In the fall of 2000, Jilaine H. Bauer (the Defendant) served as general counsel, chief compliance officer, and chairperson of the pricing committee for Heartland Advisors, Inc. (HAI). The Defendant also served as vice president and secretary of Heartland Group, Inc. (HGI), an open-end fund complex. HAI was the investment adviser, principal underwriter and distributor for the HGI mutual funds, including the Short Duration Fund and the High Yield Fund (the Funds). Beginning in 1999 and continuing through October 2000, the Funds experienced substantial net redemptions, resulting in significant decreases in NAV and increased illiquidity. In addition, several of the Funds’ portfolio securities had defaulted or were in danger of default. In order to generate the cash required to meet redemption demands, the Funds began selling off securities at discounted prices. The Defendant redeemed all of her shares in the Short Duration Fund on October 3, 2000. Ten days later, HAI’s pricing committee instituted across-the-board “haircuts” on the Funds’ securities, resulting in NAV decreases of 44.02% and 69.41% for the two Funds, which entered receivership five months later.

On December 11, 2003, the SEC charged the Defendant with insider trading, and on May 25, 2011, the U.S. District Court for the Eastern District of Wisconsin granted summary judgment to the SEC under the “classical theory” of insider trading, which “targets a corporate insider’s breach of duty to shareholders with whom the insider transacts.” However, the SEC abandoned the “classical theory” on appeal, instead arguing that the Defendant was liable under the “misappropriation theory” of insider trading whereby the disclosure obligation “runs to the source of the information”—in this case, the Funds—rather than the trading counterparty.

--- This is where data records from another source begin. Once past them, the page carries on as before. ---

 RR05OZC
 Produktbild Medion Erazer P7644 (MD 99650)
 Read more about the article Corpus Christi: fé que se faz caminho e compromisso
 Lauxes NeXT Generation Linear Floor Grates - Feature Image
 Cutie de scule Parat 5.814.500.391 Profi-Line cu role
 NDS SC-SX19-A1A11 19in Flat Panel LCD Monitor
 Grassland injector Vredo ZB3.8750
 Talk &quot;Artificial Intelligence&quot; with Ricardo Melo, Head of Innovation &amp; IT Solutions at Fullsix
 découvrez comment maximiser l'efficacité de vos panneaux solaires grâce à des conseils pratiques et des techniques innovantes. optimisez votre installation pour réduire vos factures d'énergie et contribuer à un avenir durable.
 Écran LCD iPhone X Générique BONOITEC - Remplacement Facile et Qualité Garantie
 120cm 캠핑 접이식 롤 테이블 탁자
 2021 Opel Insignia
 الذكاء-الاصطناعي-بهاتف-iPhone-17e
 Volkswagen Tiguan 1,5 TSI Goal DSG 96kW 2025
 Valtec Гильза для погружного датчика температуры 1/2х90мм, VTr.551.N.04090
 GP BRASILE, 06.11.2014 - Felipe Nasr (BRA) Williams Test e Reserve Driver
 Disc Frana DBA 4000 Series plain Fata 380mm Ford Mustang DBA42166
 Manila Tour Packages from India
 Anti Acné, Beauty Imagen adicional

In reversing the district court’s order of summary judgment, the Seventh Circuit found that the lower court did not “weigh the novelty of the SEC’s claims in the mutual fund context” and remanded for further proceedings to consider the applicability of the “misappropriation theory” of insider trading to the Defendant’s redemptions and to resolve questions of fact related to the materiality of the Defendant’s non-public information and whether the Defendant acted with scienter.